L’homme fort de La Turquie dont plus personne n’ose contester le pouvoir hégémonique, a déclaré récemment : « J’ai parlé à mon ministre (de la santé), nous rédigerons cette loi et nous la passerons ! »
Aussi bien les Turcs de son camp que ses adversaires, savent à quoi s’en tenir avec ces proclamations : aussitôt dit aussitôt fait, ses voeux sont des ordres et ses décisions irréversibles. Son parti lui obéit au doigt et à l’oeil, l’opposition bat du vent. La condition féminine étant celle qu’elle est sous un pouvoir islamiste, malgré la levée de boucliers du camp laïc et des associations féministes, l’ordre du Sultan, comme on appelle dorénavant Mr Erdogan, sera exécuté promptement. D’ici fin juin, la Turquie sera dotée d’une loi qui restreint non seulement l’interruption de grossesse volontaire, mais aussi la césarienne.
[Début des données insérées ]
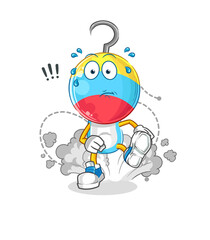 fishing bait head cartoon running illustration. character vector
Justement, les clés de la logique de Mr. Erdogan sur le sujet et ses similitudes avec le décret 770 de Ceausescu, on les découvre dans son positionnement par rapport à la césarienne, plus que sur l’avortement qu’il qualifie de « crime » et de « massacre », des propos somme toute banals chez les extrémistes de tout bord.
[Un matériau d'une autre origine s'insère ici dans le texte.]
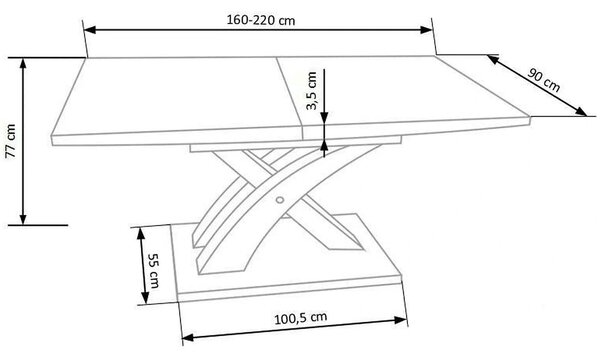 Masa extensibila SANDOR, stejar/crom, 160/220x90x77 cm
« La césarienne est un phénomène qui vise à freiner la population d’une nation. Une femme qui subit la césarienne ne peut enfanter que deux fois. Pourquoi ne pas faire plus d’enfants ? » interroge le Premier ministre. Ajoutez à cela ses prêches sur « La Turquie sera d’autant plus grande que son taux de natalité sera élevé», ou encore « Chaque couple se doit de faire plus de 3 enfants »… et vous comprenez que les préoccupations du premier ministre turc sont claires : la loi turque qui restreindra l’interruption volontaire de grossesse comme la césarienne part du même principe et porte les mêmes intentions que le décret roumain des années soixante.
Un nouvel eugénisme caché ?Le décret 770 était motivé par la politique de « l’homme nouveau » voulu par Ceausescu : l’objectif était de fabriquer une nouvelle génération, élevée dans l’orthodoxie communiste et capable de prendre en main le pays. Pour y parvenir, il décida donc, entre autres, d’interdire tout avortement et toute césarienne aux femmes de moins de 45 ans qui n’avaient pas encore conçu au moins 4 enfant.
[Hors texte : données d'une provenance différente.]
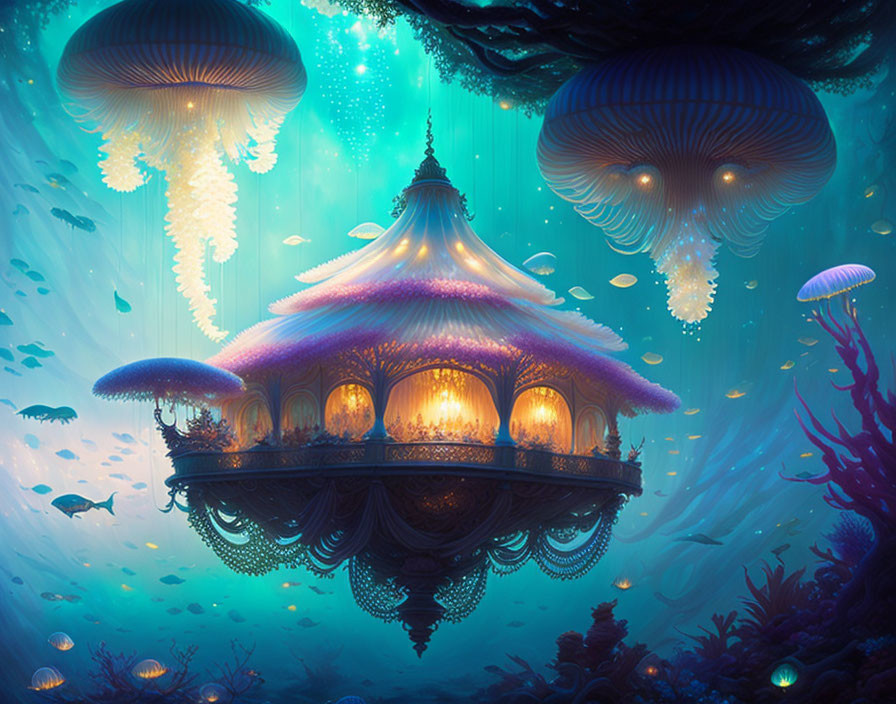 Underwater Scene with Luminous Jellyfish-Like Structure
Est-ce un hasard ? Mr Erdogan a annoncé une autre bonne nouvelle le 4 février 2012, au Congres de La Jeunesse de l’AKP : « Je veux une jeunesse musulmane, pieuse, moderne et vindicative ! »
Aussitôt dit, aussitôt fait encore une fois :
la loi sur l’éducation nationale est changée. Le nouveau texte promulgué le 30 mars, sera appliqué dès la rentrée 2012 : 5000 établissement primaires et secondaires relevant d’un enseignement dit laïc seront transformés en écoles religieuses où l’étude du coran sera obligatoire au même titre que les autres matières. Les diplômés, encore jeunes, qui en sortiront seront honorés du titre d’imam, hafiz (chanteur de prière) et hatip (prêcheur) et ils pourront continuer leur études à l’université, d’ou sortiront alors des médecins-imams, des ingénieurs-imams, etc.
Quant aux femmes qui par de telles écoles non mixtes, elles ne peuvent être imam ; elles se contenteront de prêcher ou chanter dans les cercles féminins, d’être femme voilée au foyer, infirmière ou médecin pieuses, refusant de soigner les hommes…
Mais elles se feront une joie d’enfanter au moins 3 bons musulmans.